_TASK INSTRUCTIONS_
From the records below, output exactly the lines running from the line containing "Freshly harvested potatoes" through the line containing "武汉玛雅海滩水公园7日正式开园 后续将推出夏浪音乐节等精彩活动", and no others.

_INFORMATION GIVEN_
>>>>

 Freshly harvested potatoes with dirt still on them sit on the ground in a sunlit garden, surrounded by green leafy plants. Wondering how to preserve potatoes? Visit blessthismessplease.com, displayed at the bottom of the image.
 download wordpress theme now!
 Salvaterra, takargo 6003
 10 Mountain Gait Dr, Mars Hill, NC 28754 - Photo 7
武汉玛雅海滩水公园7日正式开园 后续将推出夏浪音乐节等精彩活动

<<<<
>>>>

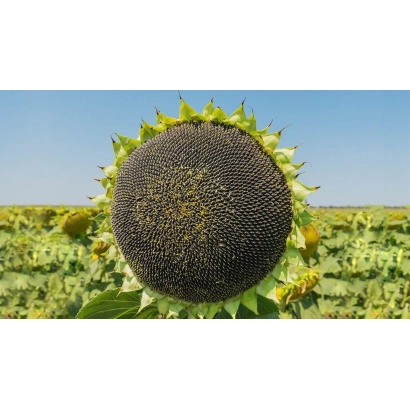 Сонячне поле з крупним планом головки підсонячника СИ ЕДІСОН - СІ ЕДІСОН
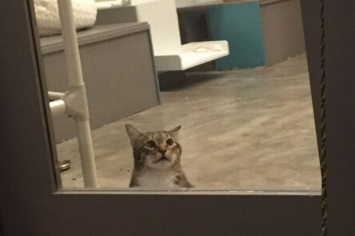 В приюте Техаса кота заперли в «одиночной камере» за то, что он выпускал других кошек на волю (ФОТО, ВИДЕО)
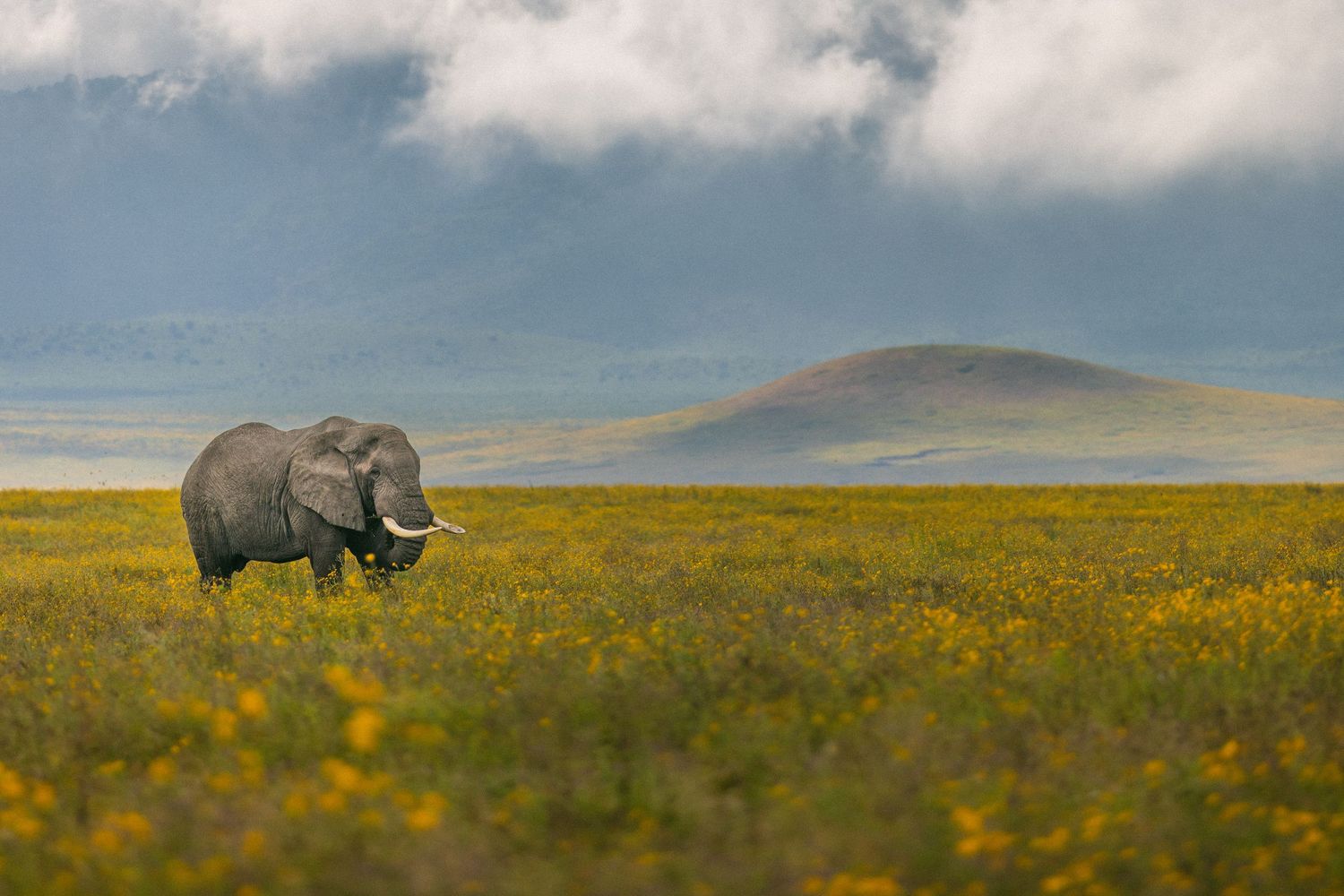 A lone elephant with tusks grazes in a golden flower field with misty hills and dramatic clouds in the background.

<<<<
>>>>

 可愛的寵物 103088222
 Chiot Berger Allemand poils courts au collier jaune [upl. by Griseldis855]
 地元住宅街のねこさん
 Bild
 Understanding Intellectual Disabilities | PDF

<<<<

_FINISHED EXERCISE_
 Freshly harvested potatoes with dirt still on them sit on the ground in a sunlit garden, surrounded by green leafy plants. Wondering how to preserve potatoes? Visit blessthismessplease.com, displayed at the bottom of the image.
 download wordpress theme now!
 Salvaterra, takargo 6003
 10 Mountain Gait Dr, Mars Hill, NC 28754 - Photo 7
武汉玛雅海滩水公园7日正式开园 后续将推出夏浪音乐节等精彩活动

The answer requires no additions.